Personal information
- Born: December 17, 1941 Rose Valley, Saskatchewan, Canada
- Died: August 1, 2021 (aged 79) State College, Pennsylvania, United States
- Occupation: Jockey

Horse racing career
- Sport: Horse racing
- Career wins: 7,396

Racing awards
- United States Champion Jockey by wins (1979, 1981) Avelino Gomez Memorial Award (1996)

Honours
- Canadian Horse Racing Hall of Fame (1993)

Significant horses
- Leading rider at Fairmount Park (14 times)

= David A. Gall =

American jockey (1941–2021)

David Allen Gall (December 17, 1941 – August 1, 2021) was a Canadian-American Thoroughbred horse racing Hall of Fame jockey, who ranked fifth in lifetime wins by North American jockeys and who was the first jockey in the United States to ride eight winners on a single racecard. Gall was born in Rose Valley, Saskatchewan.

==Riding career==
Gall began his career riding at tracks in Regina, Saskatchewan, Edmonton and Calgary in Alberta, and Winnipeg, Manitoba before going to the Hastings Racecourse in Vancouver, British Columbia. He would follow the path of other Canadian jockeys like George Woolf and Johnny Longden and head south to tracks in California. Eventually he made his way to Illinois where, dubbed "The General" by fans and the media, he would dominate racing at Fairmount Park Racetrack and Cahokia Downs.

==Achievements==
During a 43-year career, Gall was a two-time winner of the United States national riding title, winning more races than any other rider in 1979 and 1981. On October 18, 1978, he won eight races on a single racecard at Cahokia Downs. He finished in first place in all but two of the 10 races, and narrowly missed winning a ninth race by placing second in a photo finish (a reporter noted that except for that race "there would not have been any need for asterisks". Hubert Jones had won 8 of 13 races in 1944 at Agua Caliente in Tijuana in Mexico, and Jorge Tejeira had won 8 races out of 12, although at two different race courses in the same day. and won seven races on five occasions.

==Honors==
In 1993, Gall was inducted into the Canadian Horse Racing Hall of Fame. In 1996 he was the recipient of the Avelino Gomez Memorial Award, given annually to a jockey who is Canadian-born, Canadian-raised, or a regular in the country for more than five years, who has made significant contributions to the sport.

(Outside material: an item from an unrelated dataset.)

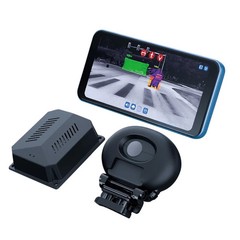 Thermal Imaging Camera Night Vision for Cars 256×192 Pixels Dash Cam Recorder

Gall retired from riding on September 18, 1999, ranked fourth all-time among jockeys for races won in the history of American Thoroughbred racing with 7,396 victories from 41,709 mounts. He has remained in the industry as a trainer/owner until retiring in 2011.

==Death==
Gall died on August 1, 2021, at his home in State College, Pennsylvania.